From a SPARC based system, you can upgrade from the Solaris 2.6, Solaris 7, or Solaris 8 operating environment to the Solaris 8 or Solaris 9 operating environment.
From an x86 based system, you can upgrade from the Solaris 7 or 8 operating environment to the Solaris 8 or Solaris 9 operating environment.
You cannot upgrade to the Solaris 7 operating environment.
You must upgrade to the same release that contained the Solaris Live Upgrade software that you installed on the currently running system. For example, if on your current operating environment, you installed Solaris Live Upgrade from the Solaris 9 release, you must upgrade to the same Solaris 9 release.
Solaris Live Upgrade is included in the Solaris 9 software, but if you want to upgrade from previous releases, you need to install the Solaris Live Upgrade packages on your current operating environment. You can install the Solaris Live Upgrade packages from the following:
An installer on the Solaris 9 DVD, the Solaris 9 Software 2 of 2 CD, or a net installation image.

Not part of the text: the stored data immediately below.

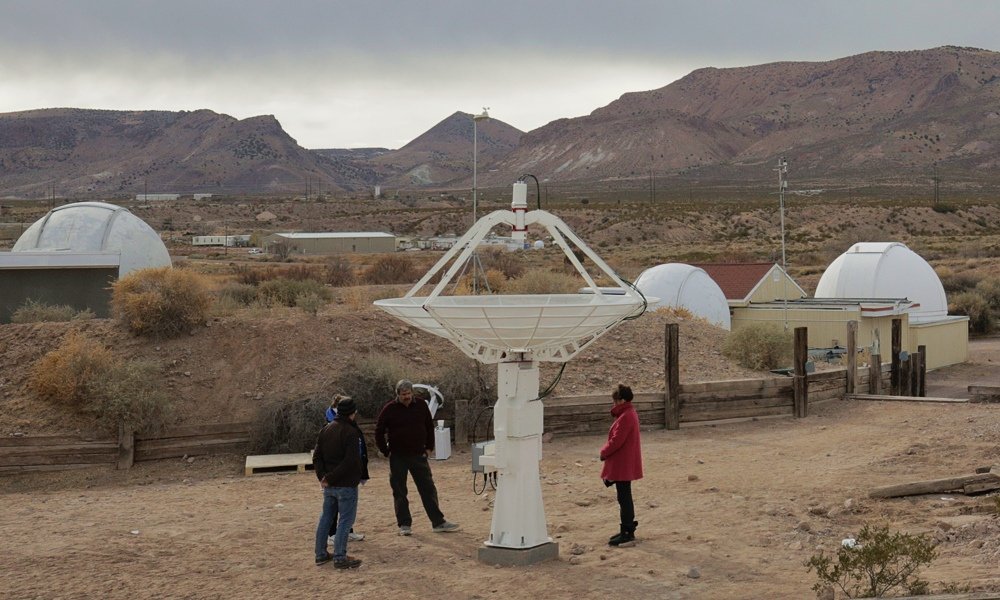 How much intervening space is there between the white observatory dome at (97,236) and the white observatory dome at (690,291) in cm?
1189

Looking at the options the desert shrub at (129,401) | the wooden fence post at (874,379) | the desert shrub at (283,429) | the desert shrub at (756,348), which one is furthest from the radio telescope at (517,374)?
the wooden fence post at (874,379)

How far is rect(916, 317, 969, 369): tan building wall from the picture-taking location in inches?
1170

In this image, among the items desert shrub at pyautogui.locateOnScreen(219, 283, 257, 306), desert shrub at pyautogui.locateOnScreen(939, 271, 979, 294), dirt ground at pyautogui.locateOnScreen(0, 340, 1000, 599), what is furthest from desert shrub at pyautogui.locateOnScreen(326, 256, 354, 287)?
dirt ground at pyautogui.locateOnScreen(0, 340, 1000, 599)

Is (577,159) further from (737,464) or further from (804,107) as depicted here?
(737,464)

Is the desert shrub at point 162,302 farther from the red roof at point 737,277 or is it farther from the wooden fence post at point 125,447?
the red roof at point 737,277

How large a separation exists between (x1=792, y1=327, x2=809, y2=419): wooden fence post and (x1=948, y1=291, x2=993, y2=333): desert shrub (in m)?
24.4

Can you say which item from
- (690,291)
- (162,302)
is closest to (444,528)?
(162,302)

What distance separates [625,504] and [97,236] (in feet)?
61.0

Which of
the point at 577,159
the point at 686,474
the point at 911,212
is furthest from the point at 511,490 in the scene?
the point at 577,159

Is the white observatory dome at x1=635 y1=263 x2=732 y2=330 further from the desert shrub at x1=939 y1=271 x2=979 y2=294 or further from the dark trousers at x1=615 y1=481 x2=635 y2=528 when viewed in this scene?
the desert shrub at x1=939 y1=271 x2=979 y2=294

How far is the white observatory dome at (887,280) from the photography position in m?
31.7

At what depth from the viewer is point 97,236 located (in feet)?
81.6

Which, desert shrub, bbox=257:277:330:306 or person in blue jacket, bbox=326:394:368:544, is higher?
desert shrub, bbox=257:277:330:306

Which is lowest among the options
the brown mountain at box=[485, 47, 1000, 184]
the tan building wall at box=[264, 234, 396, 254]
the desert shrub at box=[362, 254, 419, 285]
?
the desert shrub at box=[362, 254, 419, 285] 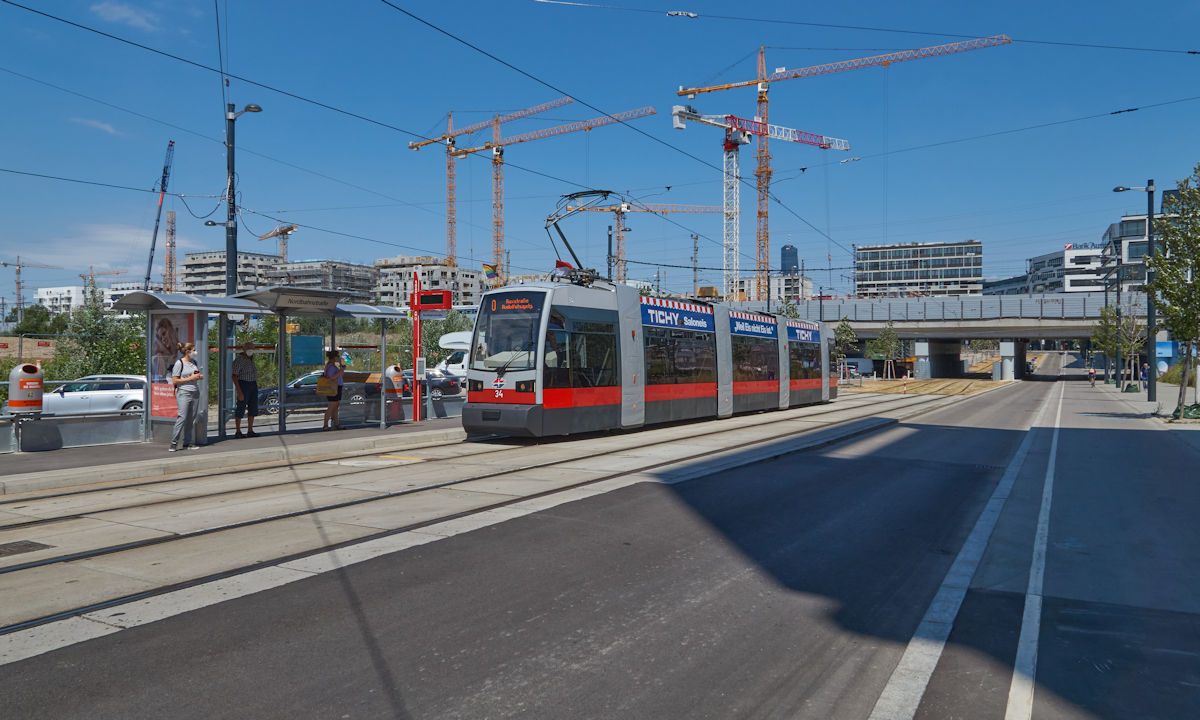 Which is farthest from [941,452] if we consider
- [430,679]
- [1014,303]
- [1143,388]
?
[1014,303]

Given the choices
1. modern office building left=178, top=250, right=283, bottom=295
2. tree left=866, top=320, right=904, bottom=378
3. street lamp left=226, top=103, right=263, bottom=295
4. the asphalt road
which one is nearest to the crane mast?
modern office building left=178, top=250, right=283, bottom=295

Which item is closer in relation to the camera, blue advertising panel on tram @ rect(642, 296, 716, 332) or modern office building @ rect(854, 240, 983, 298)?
blue advertising panel on tram @ rect(642, 296, 716, 332)

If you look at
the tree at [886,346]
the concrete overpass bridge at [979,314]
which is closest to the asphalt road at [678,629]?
the concrete overpass bridge at [979,314]

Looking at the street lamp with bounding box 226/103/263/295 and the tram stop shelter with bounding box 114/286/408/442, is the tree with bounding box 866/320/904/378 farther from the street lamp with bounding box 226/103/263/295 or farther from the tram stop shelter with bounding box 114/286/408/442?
the tram stop shelter with bounding box 114/286/408/442

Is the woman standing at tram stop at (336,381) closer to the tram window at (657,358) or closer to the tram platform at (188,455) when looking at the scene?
the tram platform at (188,455)

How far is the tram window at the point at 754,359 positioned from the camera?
22.8 metres

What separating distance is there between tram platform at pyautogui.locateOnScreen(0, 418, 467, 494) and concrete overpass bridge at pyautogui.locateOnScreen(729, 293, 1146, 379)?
2028 inches

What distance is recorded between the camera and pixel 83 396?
2138 centimetres

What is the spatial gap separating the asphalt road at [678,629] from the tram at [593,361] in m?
6.29

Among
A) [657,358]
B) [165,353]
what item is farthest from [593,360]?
[165,353]

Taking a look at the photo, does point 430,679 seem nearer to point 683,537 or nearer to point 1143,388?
point 683,537

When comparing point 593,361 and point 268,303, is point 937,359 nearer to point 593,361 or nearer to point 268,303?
point 593,361

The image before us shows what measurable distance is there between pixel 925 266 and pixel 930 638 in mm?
187132

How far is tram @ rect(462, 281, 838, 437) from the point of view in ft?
48.5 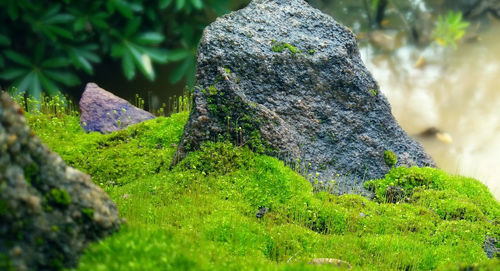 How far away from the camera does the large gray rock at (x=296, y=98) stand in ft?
17.9

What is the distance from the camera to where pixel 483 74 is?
41.8ft

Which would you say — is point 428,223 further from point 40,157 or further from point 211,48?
point 40,157

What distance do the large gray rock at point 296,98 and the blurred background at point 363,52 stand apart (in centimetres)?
71

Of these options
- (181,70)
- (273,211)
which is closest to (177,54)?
(181,70)

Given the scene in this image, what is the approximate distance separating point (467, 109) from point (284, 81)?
7928mm

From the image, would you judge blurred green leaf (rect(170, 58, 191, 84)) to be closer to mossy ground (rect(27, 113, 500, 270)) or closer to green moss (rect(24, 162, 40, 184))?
mossy ground (rect(27, 113, 500, 270))

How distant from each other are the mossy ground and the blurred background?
→ 4.14 feet

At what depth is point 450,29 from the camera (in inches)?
555

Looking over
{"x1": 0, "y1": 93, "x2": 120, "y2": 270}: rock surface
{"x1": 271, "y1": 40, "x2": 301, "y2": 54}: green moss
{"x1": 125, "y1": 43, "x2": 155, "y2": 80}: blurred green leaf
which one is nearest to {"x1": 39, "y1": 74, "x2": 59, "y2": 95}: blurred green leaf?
{"x1": 125, "y1": 43, "x2": 155, "y2": 80}: blurred green leaf

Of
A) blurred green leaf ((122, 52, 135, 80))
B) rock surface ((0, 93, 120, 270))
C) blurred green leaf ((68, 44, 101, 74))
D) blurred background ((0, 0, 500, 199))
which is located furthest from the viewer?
blurred green leaf ((68, 44, 101, 74))

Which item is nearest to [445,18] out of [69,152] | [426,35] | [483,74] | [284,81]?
[426,35]

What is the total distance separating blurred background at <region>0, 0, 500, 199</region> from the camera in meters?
5.60

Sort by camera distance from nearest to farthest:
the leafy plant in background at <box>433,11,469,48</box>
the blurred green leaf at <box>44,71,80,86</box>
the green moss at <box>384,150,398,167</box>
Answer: the blurred green leaf at <box>44,71,80,86</box>
the green moss at <box>384,150,398,167</box>
the leafy plant in background at <box>433,11,469,48</box>

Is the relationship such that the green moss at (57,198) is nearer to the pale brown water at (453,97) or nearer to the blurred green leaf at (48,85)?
the blurred green leaf at (48,85) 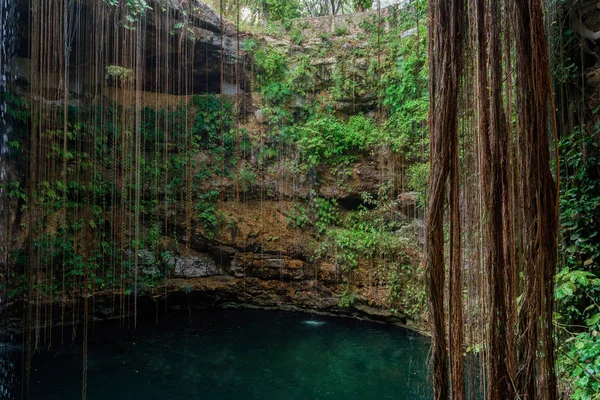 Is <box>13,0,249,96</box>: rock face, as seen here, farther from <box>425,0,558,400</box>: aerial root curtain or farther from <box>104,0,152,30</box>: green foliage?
<box>425,0,558,400</box>: aerial root curtain

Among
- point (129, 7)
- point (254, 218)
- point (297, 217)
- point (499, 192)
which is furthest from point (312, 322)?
point (129, 7)

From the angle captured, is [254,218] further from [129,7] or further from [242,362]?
[129,7]

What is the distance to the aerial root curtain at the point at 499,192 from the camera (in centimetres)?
125

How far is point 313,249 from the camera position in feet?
24.7

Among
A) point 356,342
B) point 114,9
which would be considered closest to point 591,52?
point 356,342

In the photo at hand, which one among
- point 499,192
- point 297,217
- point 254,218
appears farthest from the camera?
point 254,218

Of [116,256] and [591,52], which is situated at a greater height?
[591,52]

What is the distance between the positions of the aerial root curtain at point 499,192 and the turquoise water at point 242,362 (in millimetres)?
3371

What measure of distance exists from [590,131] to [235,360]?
496cm

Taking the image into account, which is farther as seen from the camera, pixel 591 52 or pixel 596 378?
pixel 591 52

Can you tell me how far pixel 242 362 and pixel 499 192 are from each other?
485 centimetres

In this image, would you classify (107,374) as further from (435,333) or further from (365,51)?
(365,51)

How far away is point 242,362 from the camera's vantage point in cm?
533

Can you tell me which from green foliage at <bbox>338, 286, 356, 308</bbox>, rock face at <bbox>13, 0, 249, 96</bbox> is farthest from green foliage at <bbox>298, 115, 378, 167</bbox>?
green foliage at <bbox>338, 286, 356, 308</bbox> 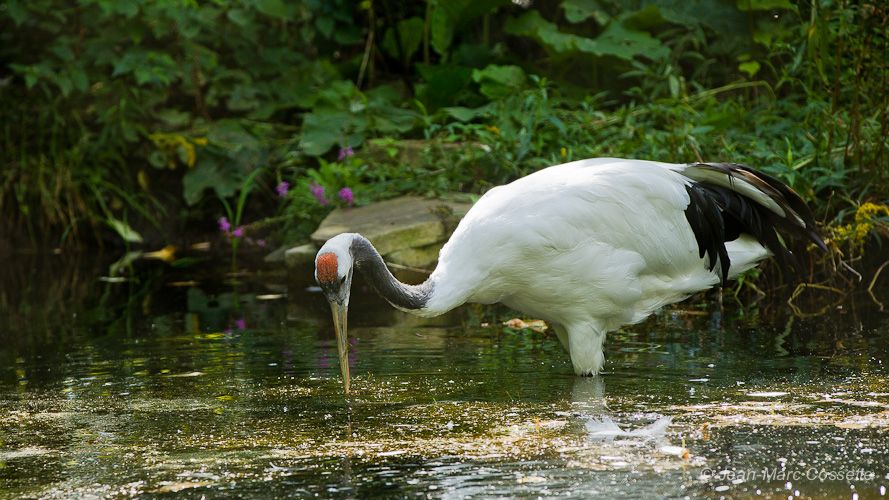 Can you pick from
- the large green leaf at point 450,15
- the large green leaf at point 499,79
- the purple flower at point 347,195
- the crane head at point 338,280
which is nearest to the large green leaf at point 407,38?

The pkgadd command. If you are using the pkgadd command, the packages are SUNWlur and SUNWluu, and these packages must be installed in that order.
For instructions on installing the Solaris Live Upgrade software, see To Install Solaris Live Upgrade.
Follow general disk space requirements for an upgrade. See Chapter 5, Guidelines for Allocating Disk Space and Swap Space (Planning).
To estimate the file system size that is needed to create a boot environment, start the creation of a new boot environment. The size is calculated. You can then abort the process.
The disk on the new boot environment must be able to serve as a boot device. Some systems restrict which disks can serve as a boot device. Refer to your system's documentation to determine if any boot restrictions apply.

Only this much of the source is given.